## [Task details]
Quote exactly, and only, the lines from the one with "Corporate Chair Yoga" through the end of the listing.

## [Data excerpts]
-*-
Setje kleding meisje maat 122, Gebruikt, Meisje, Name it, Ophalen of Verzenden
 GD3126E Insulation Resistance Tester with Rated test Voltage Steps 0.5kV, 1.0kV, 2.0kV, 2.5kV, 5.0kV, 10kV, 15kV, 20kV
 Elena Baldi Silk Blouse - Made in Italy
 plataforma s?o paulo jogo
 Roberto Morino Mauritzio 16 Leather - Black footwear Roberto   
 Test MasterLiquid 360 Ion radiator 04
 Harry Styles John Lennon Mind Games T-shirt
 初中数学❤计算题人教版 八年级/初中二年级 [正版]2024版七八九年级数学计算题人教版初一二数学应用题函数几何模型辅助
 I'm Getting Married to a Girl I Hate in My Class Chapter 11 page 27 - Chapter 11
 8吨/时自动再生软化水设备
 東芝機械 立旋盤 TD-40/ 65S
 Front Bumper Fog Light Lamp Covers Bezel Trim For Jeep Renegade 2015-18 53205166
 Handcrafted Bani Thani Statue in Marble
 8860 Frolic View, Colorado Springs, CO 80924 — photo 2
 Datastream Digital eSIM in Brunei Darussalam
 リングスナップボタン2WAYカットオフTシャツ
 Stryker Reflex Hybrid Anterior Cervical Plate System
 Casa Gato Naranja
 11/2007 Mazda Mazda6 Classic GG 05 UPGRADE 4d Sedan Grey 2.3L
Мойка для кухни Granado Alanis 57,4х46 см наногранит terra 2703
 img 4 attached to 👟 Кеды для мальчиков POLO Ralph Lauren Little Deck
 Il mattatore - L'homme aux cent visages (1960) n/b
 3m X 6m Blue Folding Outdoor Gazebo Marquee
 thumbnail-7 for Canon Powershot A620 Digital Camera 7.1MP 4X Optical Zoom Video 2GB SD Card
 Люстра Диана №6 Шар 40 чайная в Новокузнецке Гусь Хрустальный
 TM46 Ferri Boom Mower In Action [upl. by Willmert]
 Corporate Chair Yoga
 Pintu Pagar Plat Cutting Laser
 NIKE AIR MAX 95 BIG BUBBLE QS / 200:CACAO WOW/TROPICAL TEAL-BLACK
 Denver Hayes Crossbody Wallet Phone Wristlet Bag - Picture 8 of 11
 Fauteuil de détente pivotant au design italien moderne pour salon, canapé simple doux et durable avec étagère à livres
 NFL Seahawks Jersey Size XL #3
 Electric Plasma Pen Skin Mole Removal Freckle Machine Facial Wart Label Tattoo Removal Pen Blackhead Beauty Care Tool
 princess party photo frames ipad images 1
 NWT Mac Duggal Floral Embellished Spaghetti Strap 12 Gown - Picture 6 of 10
-*-
## [Exercise response]
 Corporate Chair Yoga
 Pintu Pagar Plat Cutting Laser
 NIKE AIR MAX 95 BIG BUBBLE QS / 200:CACAO WOW/TROPICAL TEAL-BLACK
 Denver Hayes Crossbody Wallet Phone Wristlet Bag - Picture 8 of 11
 Fauteuil de détente pivotant au design italien moderne pour salon, canapé simple doux et durable avec étagère à livres
 NFL Seahawks Jersey Size XL #3
 Electric Plasma Pen Skin Mole Removal Freckle Machine Facial Wart Label Tattoo Removal Pen Blackhead Beauty Care Tool
 princess party photo frames ipad images 1
 NWT Mac Duggal Floral Embellished Spaghetti Strap 12 Gown - Picture 6 of 10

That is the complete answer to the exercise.